More on Panennberg October 30, 2007

Christoph Schwobel has a dense but helpful overview of Pannenberg’s theology in David Ford’s The Modern Theologians.

Pannenberg insists from the beginning of his career that history is revelation, and his whole theology is an effort to hammer out the implications of that claim. Like Barth, he insists that revelation is not the disclosure of truths about God, but God’s own self-disclosure in history. Yet, he also insists that this revelation in history is always indirect, and that it will only be universally accessible and obvious at the end. This universal disclosure of God is anticipated in the resurrection of Jesus, which is in principle also open to “all flesh.”


Pannenberg’s work on Christology attempts to reach back beyond the kerygmatic presentation of Christ to the historical Jesus. For Pannenberg, Christology must begin from below. And he objects to the soteriological qualification of Christology. “What Jesus means for us must be grounded in what he is, and what he is can only be established by starting from the past reality of the historical Jesus,” Schwobel summarizes. Jesus’ resurrection is central, since that event vindicates Jesus’ claims and His unity with the Father.

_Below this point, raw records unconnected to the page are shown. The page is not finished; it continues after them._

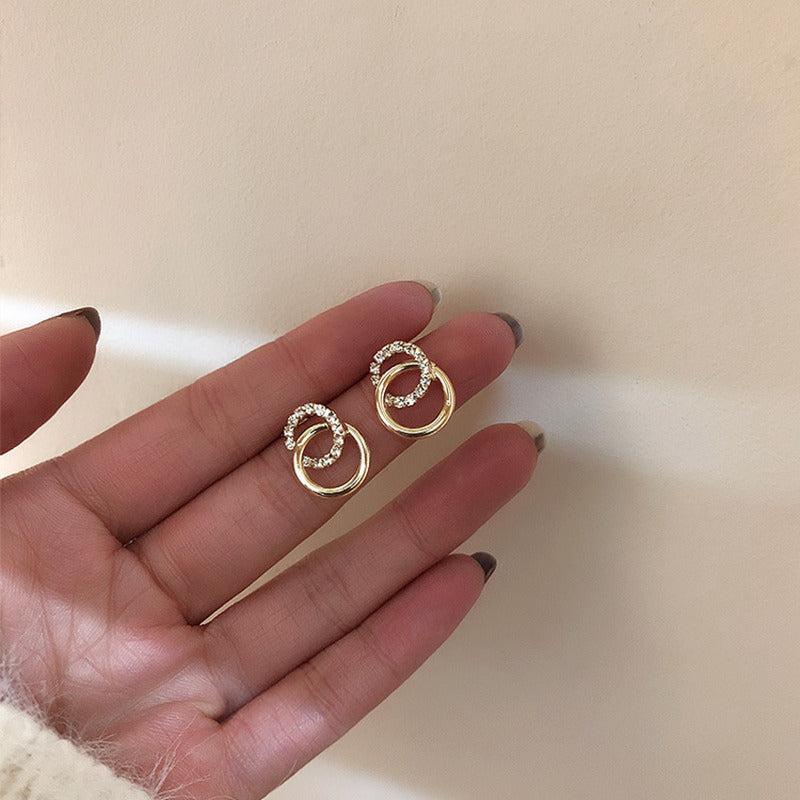 Simple double circle earrings with zircons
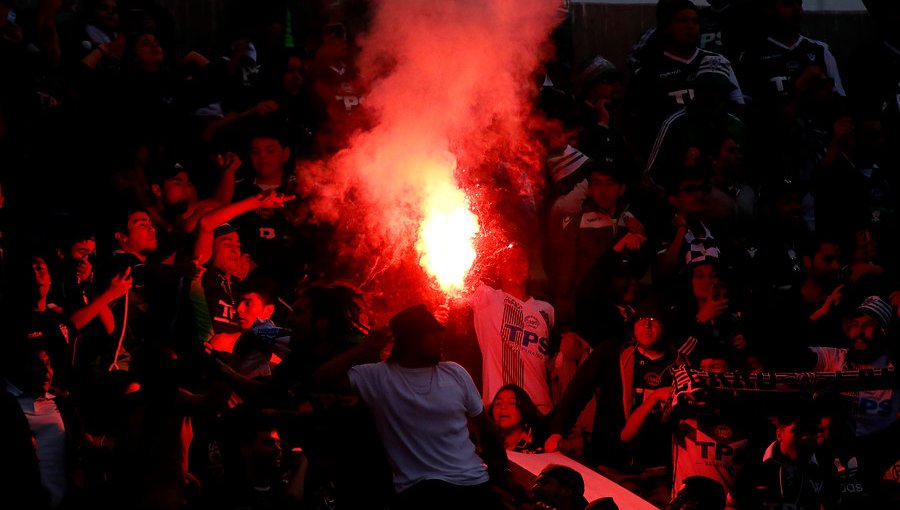Barristas rechazaron regreso del fútbol y en Valparaíso llamaron a "boicotear"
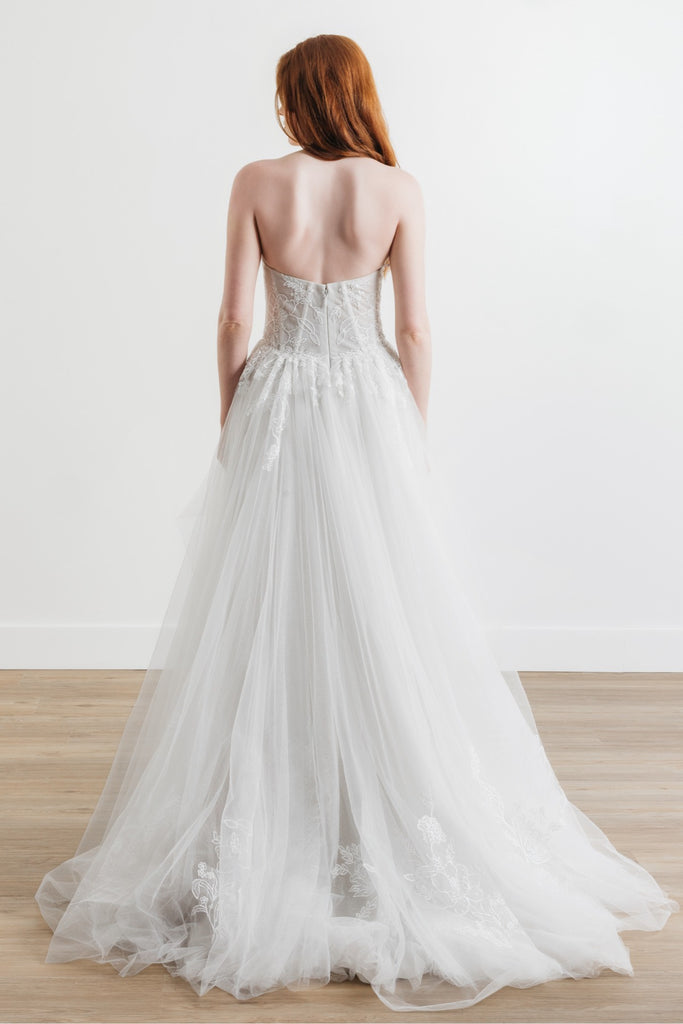 WIllowby Mitra Edmonton Wedding Dress Novelle Bridal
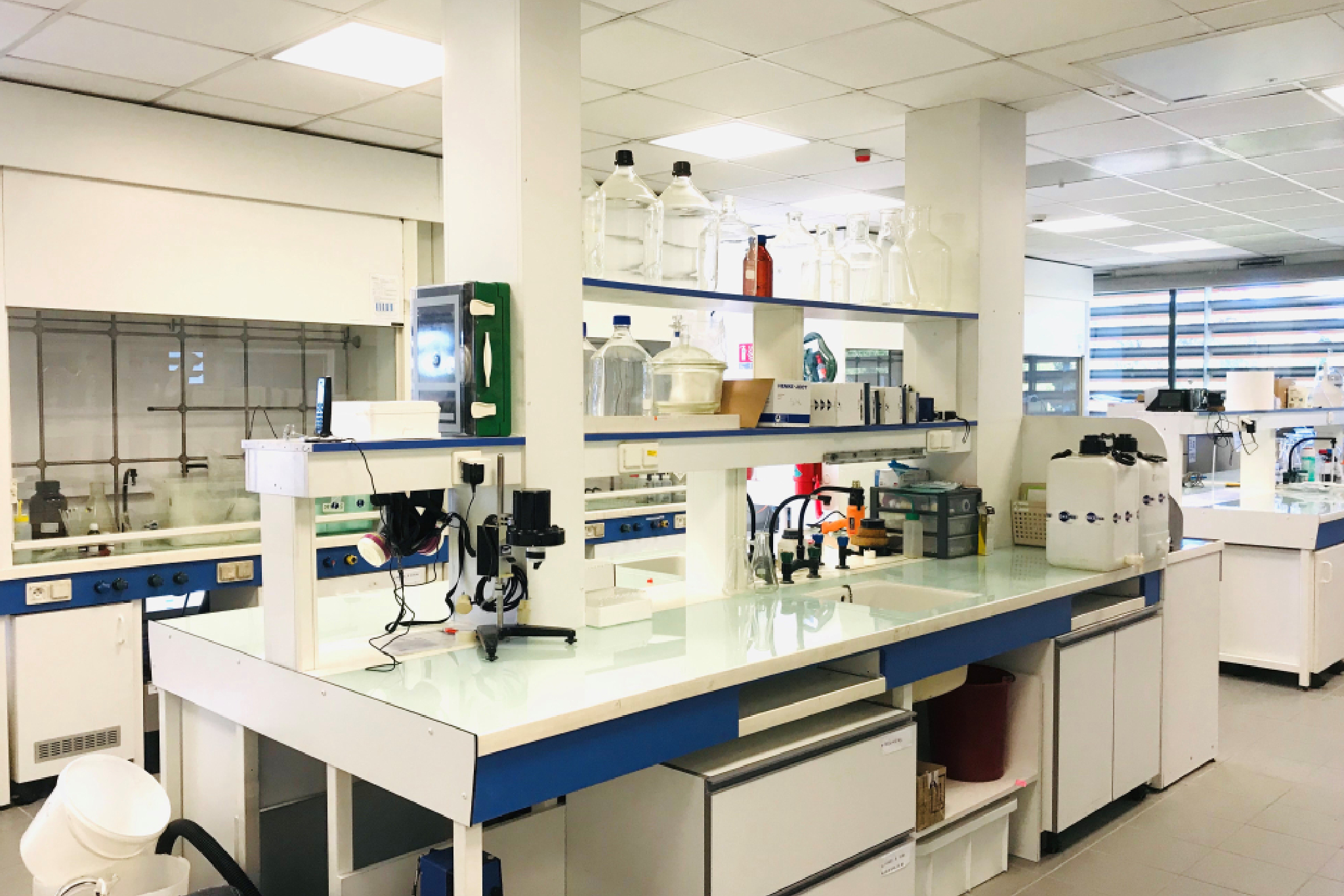 laboratory synthesis equipment 1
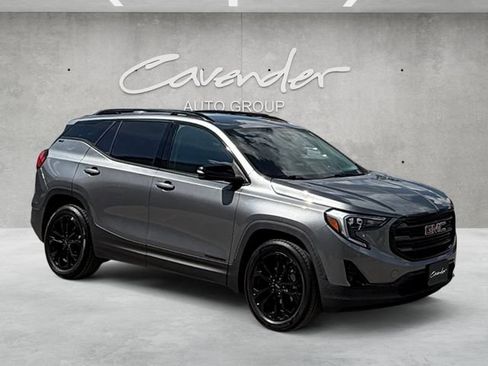 Used 2021 GMC Terrain SLT w/ Infotainment Package II FWD image 2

Jesus’ resurrection not only points to theology proper but to human destiny. Pannenberg is worried that traditional substance conceptions of the Person of Christ is “trapped in the dilemma of having to choose between a ‘unification’ and a ‘disjunction’ Christology.” Instead, he sees the identity of Jesus with His Father in Jesus’ obedience, in the Son’s self-distinction from the Father (which is a mutually dependent self-distinction). Jesus also discloses human destiny by His openness to God. Human existence is open existence, open to the world and to the infinite beyond the world. Man’s existence is always exocentric, centered outside himself. Human nature is not a fixed substance that man begins with, but the history of the realization of his destiny.

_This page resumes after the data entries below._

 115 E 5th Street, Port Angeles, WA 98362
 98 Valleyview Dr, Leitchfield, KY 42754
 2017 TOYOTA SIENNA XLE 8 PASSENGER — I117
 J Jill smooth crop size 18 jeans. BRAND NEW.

Pannenberg recognizes that, especially in Western modernity, theology proposals can be no more than hypotheses, and he attempts to define and defend the notion that theology is a science. He is also deeply interested in the relation of theology and philosophy. While not attempting to lay philosophical foundations within which theology has to function, he does see philosophy has having a “criteriological” role in theology. His notions of Absolute and Infinite, derived from Descartes and Hegel, provide a criterion for our talk about God. There is a kind of “unthematized” religious orientation inherent in man – and reflected in philosophy – that requires thematization through the specifics of Christian theology.

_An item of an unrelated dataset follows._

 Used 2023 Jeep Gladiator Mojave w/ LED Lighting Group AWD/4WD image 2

Pannenberg’s philosophical commitments defy easy classification. He draws from William James, George Herbert Mead, and Erik Erikson the notion that consciousness of the unity of the ego is mediated through contact with the world and through social interaction. He draws on Plotinus and Heidegger to conclude that finite being in time is a participation in eternity, and the future is the “origin of the totality of finite beings” and their being should be “understood as the anticipation of their future.” Substance is what things are becoming, and their mode of being now is “an anticipation of the completion of the process of their becoming.” Schwobel calls Pannenberg’s position a “realism of anticipation” and sees a correspondence with the “eschatological realism” found in his theology.

Pannenberg is willing to begin with general talk about God, and ask whether such God-talk is coherent. He finds the coherence (not proof) of God-talk in the anthropological claim that human existence is open, awaiting actualization, and that religiosity is innate. He also finds the history of religions a valuable tool, understood as the history of the appearance of God’s unity.